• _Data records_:
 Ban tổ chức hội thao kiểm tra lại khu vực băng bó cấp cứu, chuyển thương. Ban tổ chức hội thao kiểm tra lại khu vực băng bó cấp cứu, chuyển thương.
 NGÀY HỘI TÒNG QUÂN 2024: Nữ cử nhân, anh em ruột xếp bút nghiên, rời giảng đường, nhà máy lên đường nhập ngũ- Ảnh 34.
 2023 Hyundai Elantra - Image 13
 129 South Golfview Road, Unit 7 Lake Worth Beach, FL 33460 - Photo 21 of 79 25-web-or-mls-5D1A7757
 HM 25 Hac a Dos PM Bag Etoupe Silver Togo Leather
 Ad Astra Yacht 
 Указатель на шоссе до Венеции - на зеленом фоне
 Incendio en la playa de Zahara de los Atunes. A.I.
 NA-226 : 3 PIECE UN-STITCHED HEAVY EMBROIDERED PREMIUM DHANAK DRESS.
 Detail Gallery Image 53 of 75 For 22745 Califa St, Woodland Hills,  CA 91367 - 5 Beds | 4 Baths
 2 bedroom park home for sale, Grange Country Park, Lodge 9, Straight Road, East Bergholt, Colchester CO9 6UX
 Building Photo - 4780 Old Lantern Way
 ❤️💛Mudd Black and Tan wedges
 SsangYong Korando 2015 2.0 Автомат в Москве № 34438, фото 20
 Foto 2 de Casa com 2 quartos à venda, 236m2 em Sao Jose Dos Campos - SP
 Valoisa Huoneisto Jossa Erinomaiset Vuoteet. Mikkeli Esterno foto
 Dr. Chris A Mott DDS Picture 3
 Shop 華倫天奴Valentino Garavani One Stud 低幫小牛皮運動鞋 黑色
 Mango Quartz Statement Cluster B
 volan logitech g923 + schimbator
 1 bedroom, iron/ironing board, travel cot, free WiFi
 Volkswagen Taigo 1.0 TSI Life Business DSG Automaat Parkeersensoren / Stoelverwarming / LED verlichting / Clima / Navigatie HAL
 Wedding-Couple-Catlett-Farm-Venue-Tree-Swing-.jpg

• _Work to be completed_:
After locating the line that holds "HM 25 Hac a", print it and each line after it through the end of the data, exactly as it stands.

• _Task output_:
 HM 25 Hac a Dos PM Bag Etoupe Silver Togo Leather
 Ad Astra Yacht 
 Указатель на шоссе до Венеции - на зеленом фоне
 Incendio en la playa de Zahara de los Atunes. A.I.
 NA-226 : 3 PIECE UN-STITCHED HEAVY EMBROIDERED PREMIUM DHANAK DRESS.
 Detail Gallery Image 53 of 75 For 22745 Califa St, Woodland Hills,  CA 91367 - 5 Beds | 4 Baths
 2 bedroom park home for sale, Grange Country Park, Lodge 9, Straight Road, East Bergholt, Colchester CO9 6UX
 Building Photo - 4780 Old Lantern Way
 ❤️💛Mudd Black and Tan wedges
 SsangYong Korando 2015 2.0 Автомат в Москве № 34438, фото 20
 Foto 2 de Casa com 2 quartos à venda, 236m2 em Sao Jose Dos Campos - SP
 Valoisa Huoneisto Jossa Erinomaiset Vuoteet. Mikkeli Esterno foto
 Dr. Chris A Mott DDS Picture 3
 Shop 華倫天奴Valentino Garavani One Stud 低幫小牛皮運動鞋 黑色
 Mango Quartz Statement Cluster B
 volan logitech g923 + schimbator
 1 bedroom, iron/ironing board, travel cot, free WiFi
 Volkswagen Taigo 1.0 TSI Life Business DSG Automaat Parkeersensoren / Stoelverwarming / LED verlichting / Clima / Navigatie HAL
 Wedding-Couple-Catlett-Farm-Venue-Tree-Swing-.jpg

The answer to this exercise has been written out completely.